The Bogotá Savannah Railway was a company that provided transport for passengers from 1889 between the cities of the Metropolitan Area of Bogotá. The Savannah railway was liquidated in 1991 along with the National Railways of Colombia.

Currently, and from 1992, one of its lines (Northern line) was enabled to function as tourist train called Tren Turistico de la Sabana.

History
The construction of the Savannah Railway was authorized in 1873 and begun in 1882 by a British company. The works were suspended in 1886 when its length was just 18 km. A new contract was made with an American venture called “Savannah Railway Company”. When the line was inaugurated its length was 40 km. In 1887 a new contract took place for the construction of the Zipaquira line. In time, the railways expanded across the Bogotá Savannah reaching a length of about 200 km.
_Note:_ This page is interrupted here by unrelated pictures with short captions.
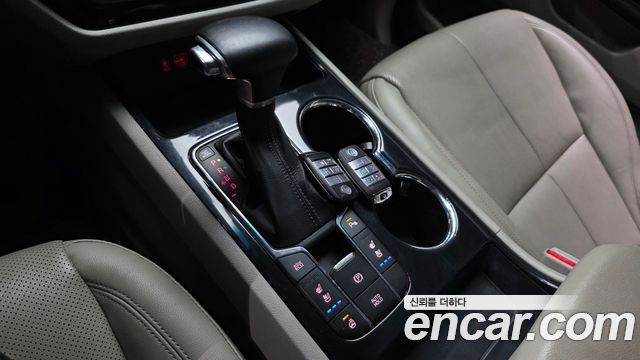 Kia Canival 2019 — photo 12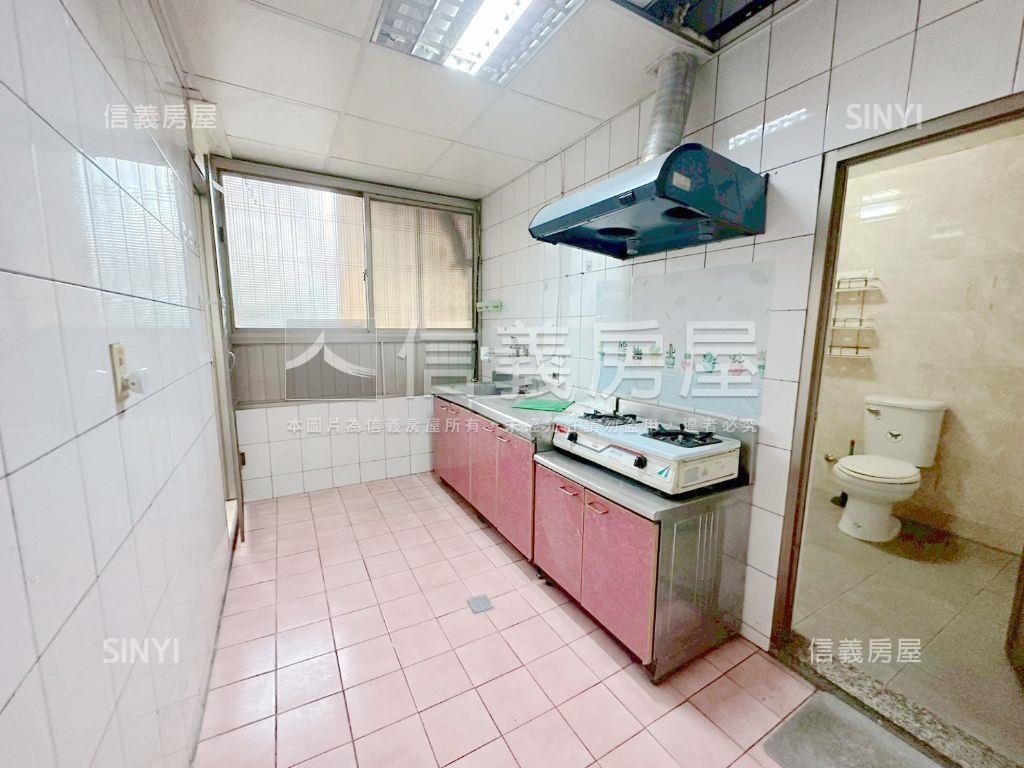 明亮近新埔捷運三房房屋室內格局與周邊環境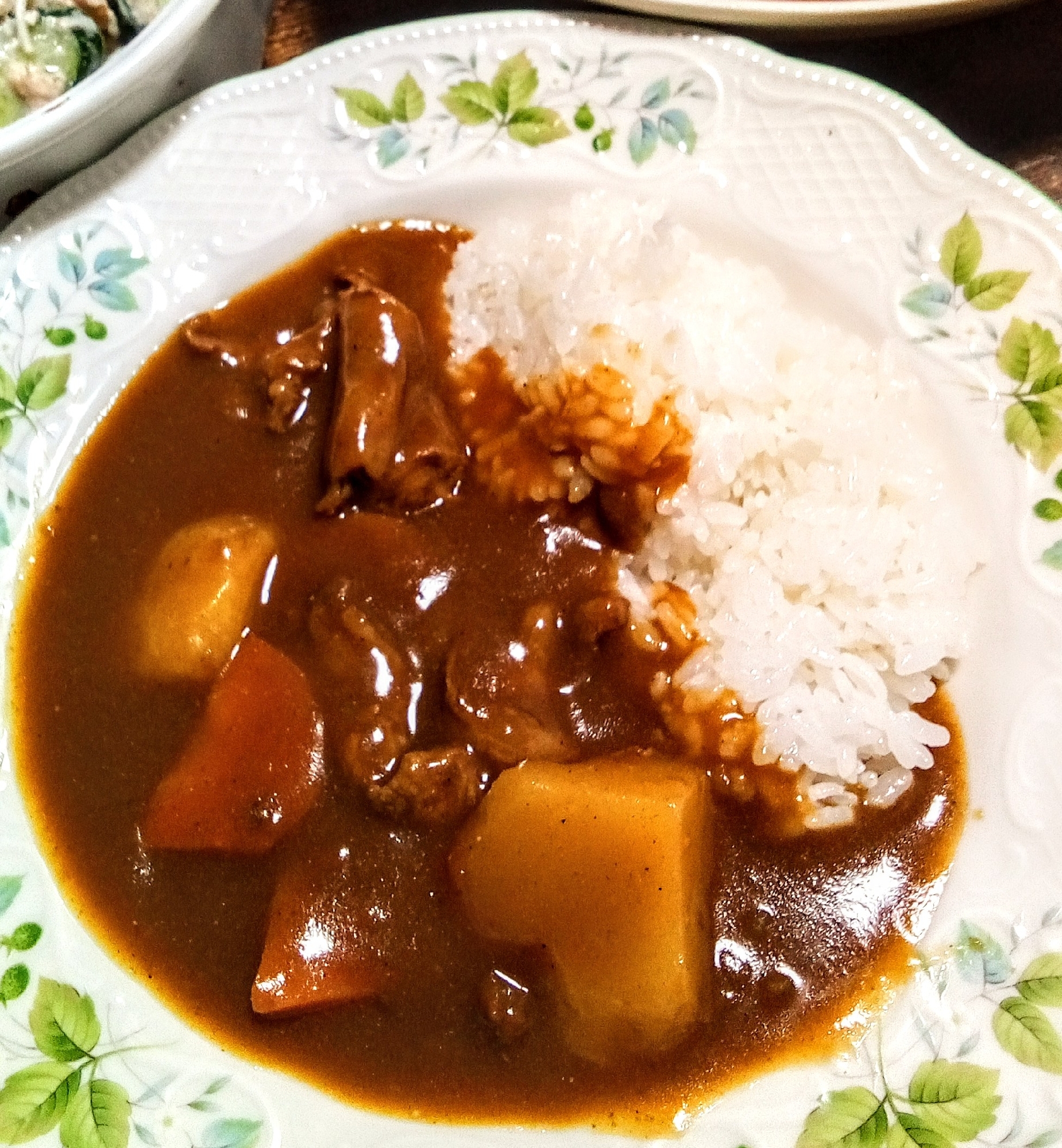 今日のカレーは、牛すじカレーですよ(^^)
In 1917 the Estacion de la Sabana was built by the English engineer William Lidstone; this building served as Central Station for the national railway as well. Its location was on the outskirts of the city on the west (today Calle 13).

The last expansion of the Bogotá Savannah Railway occurred in 1953. By that time the Railway's service covered the following towns: Chapinero, Usaquen, Sopo, Tocancipa, Nemocon, Suesca, Gachancipa, Cajica, Fontibon, Madrid, Mosquera, Facatativa, Bosa, Soacha, Sibate and Usme.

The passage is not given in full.